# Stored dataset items
++++

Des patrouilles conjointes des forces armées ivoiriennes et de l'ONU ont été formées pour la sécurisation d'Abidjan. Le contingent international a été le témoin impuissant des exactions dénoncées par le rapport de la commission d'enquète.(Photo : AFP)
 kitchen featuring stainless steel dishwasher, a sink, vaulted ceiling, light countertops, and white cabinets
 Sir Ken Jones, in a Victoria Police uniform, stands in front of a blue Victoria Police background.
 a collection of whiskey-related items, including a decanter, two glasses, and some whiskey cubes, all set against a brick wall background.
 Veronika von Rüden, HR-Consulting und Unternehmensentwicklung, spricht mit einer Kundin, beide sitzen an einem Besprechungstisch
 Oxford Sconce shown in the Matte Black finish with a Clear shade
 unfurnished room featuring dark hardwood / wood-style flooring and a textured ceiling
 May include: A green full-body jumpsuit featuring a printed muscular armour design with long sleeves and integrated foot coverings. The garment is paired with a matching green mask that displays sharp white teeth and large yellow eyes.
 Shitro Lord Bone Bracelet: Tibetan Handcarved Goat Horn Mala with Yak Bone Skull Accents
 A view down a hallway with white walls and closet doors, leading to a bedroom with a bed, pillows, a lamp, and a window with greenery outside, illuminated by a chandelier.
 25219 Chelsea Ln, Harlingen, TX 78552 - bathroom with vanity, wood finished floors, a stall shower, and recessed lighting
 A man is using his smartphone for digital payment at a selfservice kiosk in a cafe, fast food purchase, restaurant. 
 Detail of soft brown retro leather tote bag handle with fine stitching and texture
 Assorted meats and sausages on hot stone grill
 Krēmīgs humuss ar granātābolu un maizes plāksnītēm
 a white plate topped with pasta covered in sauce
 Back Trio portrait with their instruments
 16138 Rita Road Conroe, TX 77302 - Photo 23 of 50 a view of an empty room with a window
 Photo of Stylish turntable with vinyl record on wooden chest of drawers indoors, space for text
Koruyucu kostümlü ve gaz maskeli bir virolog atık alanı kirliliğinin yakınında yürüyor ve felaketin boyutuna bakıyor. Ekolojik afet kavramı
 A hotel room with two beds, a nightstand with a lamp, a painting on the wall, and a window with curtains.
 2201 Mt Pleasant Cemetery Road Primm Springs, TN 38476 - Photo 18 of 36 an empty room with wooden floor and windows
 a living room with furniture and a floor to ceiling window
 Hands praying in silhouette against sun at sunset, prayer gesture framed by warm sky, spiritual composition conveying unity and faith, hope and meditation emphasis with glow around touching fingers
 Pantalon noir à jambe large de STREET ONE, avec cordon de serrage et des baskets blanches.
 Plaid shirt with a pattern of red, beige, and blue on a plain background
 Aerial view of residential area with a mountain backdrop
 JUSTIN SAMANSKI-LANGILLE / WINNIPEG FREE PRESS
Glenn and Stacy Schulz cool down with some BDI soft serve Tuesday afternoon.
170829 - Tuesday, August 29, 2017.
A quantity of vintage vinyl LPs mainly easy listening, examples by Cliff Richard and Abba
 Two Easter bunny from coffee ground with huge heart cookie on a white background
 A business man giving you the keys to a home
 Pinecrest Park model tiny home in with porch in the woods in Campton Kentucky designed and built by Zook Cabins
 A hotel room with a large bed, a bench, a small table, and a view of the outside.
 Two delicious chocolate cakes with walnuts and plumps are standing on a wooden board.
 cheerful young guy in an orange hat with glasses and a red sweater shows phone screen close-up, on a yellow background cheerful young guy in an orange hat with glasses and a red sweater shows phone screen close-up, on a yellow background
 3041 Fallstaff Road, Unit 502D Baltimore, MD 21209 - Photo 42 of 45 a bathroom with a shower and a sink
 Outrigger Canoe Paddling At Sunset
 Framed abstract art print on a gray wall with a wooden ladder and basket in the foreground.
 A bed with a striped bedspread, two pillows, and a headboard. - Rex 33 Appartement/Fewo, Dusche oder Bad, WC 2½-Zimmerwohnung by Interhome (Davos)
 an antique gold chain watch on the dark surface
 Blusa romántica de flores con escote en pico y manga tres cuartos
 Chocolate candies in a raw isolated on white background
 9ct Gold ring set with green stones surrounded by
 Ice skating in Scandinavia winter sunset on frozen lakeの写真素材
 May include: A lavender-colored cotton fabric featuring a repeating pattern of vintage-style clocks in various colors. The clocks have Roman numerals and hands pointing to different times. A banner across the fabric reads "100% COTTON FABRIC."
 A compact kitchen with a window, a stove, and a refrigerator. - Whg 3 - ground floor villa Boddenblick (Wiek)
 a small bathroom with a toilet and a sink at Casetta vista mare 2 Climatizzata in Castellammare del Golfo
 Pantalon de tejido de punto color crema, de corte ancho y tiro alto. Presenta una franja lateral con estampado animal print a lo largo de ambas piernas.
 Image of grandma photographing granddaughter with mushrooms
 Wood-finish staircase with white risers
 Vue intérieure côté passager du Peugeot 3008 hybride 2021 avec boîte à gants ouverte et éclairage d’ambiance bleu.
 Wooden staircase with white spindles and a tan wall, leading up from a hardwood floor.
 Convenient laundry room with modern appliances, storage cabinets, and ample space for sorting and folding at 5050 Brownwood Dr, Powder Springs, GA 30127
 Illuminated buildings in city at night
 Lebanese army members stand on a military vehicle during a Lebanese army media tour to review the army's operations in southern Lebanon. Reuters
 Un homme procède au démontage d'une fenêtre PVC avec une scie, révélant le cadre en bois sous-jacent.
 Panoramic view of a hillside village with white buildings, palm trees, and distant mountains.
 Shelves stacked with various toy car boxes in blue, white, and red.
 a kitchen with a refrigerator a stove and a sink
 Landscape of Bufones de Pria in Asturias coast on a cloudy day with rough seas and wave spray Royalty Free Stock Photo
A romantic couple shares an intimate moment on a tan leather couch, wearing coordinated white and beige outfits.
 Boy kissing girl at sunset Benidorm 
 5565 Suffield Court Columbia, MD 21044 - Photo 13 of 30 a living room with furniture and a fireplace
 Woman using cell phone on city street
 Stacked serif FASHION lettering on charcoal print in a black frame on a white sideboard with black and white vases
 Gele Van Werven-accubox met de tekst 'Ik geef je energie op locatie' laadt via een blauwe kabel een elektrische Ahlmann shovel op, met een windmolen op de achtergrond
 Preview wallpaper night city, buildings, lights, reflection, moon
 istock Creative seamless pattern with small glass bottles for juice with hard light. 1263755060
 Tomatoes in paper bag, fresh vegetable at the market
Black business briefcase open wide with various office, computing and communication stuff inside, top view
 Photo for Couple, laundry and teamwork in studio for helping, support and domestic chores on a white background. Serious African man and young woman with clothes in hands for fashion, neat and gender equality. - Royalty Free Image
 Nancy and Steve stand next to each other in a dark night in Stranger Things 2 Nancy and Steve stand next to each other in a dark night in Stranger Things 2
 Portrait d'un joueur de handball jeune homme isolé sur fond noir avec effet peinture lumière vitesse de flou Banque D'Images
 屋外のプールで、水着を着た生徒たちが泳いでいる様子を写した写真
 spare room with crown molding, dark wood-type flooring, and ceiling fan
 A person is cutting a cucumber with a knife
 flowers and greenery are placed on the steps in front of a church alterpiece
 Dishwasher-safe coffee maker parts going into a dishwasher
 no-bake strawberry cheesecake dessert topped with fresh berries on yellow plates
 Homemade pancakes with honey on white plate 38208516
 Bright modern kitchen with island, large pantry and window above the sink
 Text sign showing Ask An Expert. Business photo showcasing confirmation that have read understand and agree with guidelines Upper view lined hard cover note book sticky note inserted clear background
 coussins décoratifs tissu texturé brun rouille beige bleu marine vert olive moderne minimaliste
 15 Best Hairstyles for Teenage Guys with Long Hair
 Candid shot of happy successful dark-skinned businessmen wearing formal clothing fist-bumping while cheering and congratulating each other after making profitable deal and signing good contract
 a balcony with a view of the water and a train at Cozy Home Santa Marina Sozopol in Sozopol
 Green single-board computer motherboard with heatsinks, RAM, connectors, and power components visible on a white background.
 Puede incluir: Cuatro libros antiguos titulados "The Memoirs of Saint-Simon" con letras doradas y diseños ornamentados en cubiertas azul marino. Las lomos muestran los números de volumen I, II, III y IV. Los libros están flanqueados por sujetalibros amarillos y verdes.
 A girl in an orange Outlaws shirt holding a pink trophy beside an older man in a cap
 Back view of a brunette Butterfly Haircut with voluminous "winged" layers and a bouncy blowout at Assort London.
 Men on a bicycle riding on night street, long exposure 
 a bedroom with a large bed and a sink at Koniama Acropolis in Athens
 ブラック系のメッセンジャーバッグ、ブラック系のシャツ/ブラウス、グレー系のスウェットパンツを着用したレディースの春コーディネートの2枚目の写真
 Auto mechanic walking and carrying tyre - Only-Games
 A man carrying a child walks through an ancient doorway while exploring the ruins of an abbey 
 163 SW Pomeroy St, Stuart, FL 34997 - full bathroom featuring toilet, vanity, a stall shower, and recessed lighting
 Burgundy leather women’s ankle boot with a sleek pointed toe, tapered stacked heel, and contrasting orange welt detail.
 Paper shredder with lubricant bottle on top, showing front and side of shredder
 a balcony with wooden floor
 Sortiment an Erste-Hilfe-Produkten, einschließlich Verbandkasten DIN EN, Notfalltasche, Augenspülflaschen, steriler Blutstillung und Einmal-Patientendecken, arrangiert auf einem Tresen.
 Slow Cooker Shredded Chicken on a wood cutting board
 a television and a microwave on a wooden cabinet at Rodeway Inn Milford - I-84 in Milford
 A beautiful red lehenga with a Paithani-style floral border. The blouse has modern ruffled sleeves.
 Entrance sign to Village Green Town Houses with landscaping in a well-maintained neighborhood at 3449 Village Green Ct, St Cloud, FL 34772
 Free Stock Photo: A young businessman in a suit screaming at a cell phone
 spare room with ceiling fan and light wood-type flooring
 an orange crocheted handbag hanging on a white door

++++

# DIRECTIONS
What is needed is every line of the records above that contains the word "type".

# TASK SOLUTION
 spare room with crown molding, dark wood-type flooring, and ceiling fan
 spare room with ceiling fan and light wood-type flooring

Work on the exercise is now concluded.